Reference below the cut:
the inherent intimacy of following the man with whom your fate is forever entwined because you saved his life to his underground domain and getting caught in his trap, knowing he's tricking you but falling for it anyways, being enchanted by his voice and comparing the sound to that of a siren leading you to temptation.
the inherent intimacy of his familiar hands rising from the water and seizing you by the throat, the hands which usually grip a lasso to commit their violent deeds but instead are gripping you by the nape of your neck, the hands of the wretched man you should hate and yet do not.
the inherent intimacy of wrapping your fingers around the arm of the monster trying to drown you, the monster you've forgiven for far worse, as he drags you below the surface, as you realize you are cursed to follow him even in death.

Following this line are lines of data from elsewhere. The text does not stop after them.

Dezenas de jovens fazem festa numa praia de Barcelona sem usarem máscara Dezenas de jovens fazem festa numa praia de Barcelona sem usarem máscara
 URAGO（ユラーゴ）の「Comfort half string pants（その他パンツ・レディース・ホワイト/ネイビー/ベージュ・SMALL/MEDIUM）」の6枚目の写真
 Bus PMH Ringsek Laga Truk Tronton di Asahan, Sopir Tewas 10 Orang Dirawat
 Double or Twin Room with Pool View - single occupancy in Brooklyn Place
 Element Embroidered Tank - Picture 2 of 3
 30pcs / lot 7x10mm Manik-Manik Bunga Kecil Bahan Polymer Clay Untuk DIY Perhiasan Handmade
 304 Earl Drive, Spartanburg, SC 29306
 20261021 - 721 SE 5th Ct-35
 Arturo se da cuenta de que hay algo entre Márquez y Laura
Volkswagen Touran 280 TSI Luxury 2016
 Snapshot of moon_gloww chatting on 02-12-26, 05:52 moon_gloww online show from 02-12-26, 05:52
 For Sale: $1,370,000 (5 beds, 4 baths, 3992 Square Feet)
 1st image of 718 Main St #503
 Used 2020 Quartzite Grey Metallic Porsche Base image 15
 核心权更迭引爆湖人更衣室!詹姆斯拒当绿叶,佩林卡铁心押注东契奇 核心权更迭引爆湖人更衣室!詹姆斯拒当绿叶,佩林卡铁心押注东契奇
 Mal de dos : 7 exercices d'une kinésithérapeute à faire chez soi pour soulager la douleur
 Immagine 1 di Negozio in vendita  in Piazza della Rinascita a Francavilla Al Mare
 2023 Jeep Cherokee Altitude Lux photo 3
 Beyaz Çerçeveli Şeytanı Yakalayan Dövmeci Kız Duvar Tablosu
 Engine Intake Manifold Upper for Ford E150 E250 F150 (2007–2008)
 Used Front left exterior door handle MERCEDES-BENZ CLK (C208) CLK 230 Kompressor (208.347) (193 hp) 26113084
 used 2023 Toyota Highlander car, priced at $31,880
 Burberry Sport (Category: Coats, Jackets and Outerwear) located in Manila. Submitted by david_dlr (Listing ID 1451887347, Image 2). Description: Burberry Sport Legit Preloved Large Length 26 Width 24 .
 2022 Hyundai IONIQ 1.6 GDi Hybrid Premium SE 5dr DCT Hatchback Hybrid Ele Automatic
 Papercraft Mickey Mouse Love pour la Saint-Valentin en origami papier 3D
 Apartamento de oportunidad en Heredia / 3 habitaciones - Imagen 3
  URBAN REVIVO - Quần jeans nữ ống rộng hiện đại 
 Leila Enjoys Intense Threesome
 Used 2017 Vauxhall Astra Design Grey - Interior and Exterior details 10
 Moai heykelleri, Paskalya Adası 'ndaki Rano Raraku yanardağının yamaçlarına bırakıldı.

the inherent intimacy of giving one last cry before he finally takes your life, the life you already gave him years ago without question. the inherent intimacy of him instantly recognizing you by the sound of your pain, as murderous rage turns to dull frustration, as his lethal hold relents and becomes gentle even in his annoyance, as he lays you on the shore almost tenderly.
the inherent intimacy of quarreling like old lovers at the edge of the lake in which he just nearly killed you, and when you beg him to explain the terrible acts occurring around him, this awful man– who to some is an angel, to others a devil, but to you is "my erik–" he only laughs and answers "my dear daroga!"